There were piping plovers (Charadrius melodus melodus). This one kept dashing past were we were sitting.
...and there he goes again.
Photographs Copyright © 2015 by Caitlín R. Kiernan and Kathryn A. Pollnac
We saw the pilot for Aquarius last night, and I'm sad to say I was very disappointed. David Duchovny is charming, because David Duchovny is always charming. But he hasn't much more to do here but wander about like Hank Moody in Joe Friday drag, delivering one liners and forgetting to Mirandize people (Miranda was new in 1967). His partner is played by some guy named Grey Damon whose douchebro haircut is one of the show's most annoying anachronisms. I saw a reviewer somewhere say that the show wears the sixties like an ill-fitting costume. Indeed. Anyway, the central storyline – the hunt for Charles Manson – is almost immediately sidetracked by an off-the-shelf "crime of the week" plot. As for Manson, Gethin Anthony plays him with absolutely no trace whatsoever of the killer's nightmarish charisma and lunacy. In the age of The Wire, Fargo, and True Detective, I expect a lot more from a detective show, even one airing on NBC. After all, this is the same network that's bringing us the far darker, far edgier, infinitely more artful Hannibal. Did I mention the lackluster writing?
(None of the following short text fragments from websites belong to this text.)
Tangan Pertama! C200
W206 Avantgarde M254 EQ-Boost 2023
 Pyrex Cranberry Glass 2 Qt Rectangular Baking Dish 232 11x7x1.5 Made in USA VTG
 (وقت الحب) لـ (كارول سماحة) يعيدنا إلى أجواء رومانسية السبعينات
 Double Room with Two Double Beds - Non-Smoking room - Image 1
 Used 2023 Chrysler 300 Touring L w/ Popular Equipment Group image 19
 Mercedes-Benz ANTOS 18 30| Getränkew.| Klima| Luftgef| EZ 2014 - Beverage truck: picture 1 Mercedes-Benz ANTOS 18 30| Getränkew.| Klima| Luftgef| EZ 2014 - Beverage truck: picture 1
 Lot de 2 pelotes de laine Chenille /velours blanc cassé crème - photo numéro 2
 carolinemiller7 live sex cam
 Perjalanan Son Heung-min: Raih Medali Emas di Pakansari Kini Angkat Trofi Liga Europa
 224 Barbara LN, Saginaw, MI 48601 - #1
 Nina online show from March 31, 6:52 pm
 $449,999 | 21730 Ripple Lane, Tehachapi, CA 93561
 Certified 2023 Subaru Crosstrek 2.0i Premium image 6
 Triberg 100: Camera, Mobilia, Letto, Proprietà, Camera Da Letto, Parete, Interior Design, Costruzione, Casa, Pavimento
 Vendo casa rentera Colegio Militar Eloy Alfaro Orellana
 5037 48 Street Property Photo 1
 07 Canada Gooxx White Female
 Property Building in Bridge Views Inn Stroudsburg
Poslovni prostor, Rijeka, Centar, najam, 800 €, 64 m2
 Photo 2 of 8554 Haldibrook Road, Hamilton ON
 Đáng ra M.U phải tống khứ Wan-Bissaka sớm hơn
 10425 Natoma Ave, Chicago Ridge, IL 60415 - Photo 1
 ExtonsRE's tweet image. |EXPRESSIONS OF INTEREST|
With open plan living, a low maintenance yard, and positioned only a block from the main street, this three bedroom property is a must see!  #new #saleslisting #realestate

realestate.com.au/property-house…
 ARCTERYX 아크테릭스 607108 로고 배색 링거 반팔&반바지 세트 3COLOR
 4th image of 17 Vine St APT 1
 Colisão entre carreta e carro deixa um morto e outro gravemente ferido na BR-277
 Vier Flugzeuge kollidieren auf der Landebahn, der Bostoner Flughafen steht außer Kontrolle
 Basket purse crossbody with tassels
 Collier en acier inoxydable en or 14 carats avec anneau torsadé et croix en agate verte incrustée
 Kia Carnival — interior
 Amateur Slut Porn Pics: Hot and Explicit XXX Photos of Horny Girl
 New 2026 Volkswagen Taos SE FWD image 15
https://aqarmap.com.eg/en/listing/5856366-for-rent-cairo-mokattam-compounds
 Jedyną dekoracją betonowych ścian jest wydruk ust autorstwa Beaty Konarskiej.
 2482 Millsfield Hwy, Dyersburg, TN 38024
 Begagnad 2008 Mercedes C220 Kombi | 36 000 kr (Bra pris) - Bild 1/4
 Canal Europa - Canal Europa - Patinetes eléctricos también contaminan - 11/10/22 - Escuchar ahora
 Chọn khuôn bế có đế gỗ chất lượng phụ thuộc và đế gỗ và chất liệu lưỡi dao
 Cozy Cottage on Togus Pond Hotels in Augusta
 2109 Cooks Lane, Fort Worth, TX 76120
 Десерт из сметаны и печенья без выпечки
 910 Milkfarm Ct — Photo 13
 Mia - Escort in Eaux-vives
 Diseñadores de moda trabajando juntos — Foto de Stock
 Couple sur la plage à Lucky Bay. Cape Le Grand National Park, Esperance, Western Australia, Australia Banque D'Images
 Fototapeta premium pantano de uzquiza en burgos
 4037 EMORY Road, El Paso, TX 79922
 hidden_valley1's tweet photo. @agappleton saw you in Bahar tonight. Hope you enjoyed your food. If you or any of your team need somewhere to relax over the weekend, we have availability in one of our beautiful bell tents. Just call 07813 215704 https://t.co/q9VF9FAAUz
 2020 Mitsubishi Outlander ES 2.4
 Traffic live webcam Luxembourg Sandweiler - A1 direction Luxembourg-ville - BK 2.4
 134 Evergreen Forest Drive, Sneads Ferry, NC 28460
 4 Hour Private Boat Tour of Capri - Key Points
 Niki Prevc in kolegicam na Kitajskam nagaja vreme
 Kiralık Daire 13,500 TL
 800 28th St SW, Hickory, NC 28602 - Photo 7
On the other hand, we watched the first five or six episodes of AMC's Halt and Catch Fire. Unlike Aquarius, this series nails its period setting, which happens to be Dallas ca. 1983. The writing is sharp, and the actors bring passion and conviction to their roles. One of my personal litmus tests for great storytelling – no matter the medium – is the ability to fascinate me with something that, normally, doesn't interest me in the least. In this case, it's the development of the personal computer. I was very pleased to see that its been renewed for a second season.
I need to try to work.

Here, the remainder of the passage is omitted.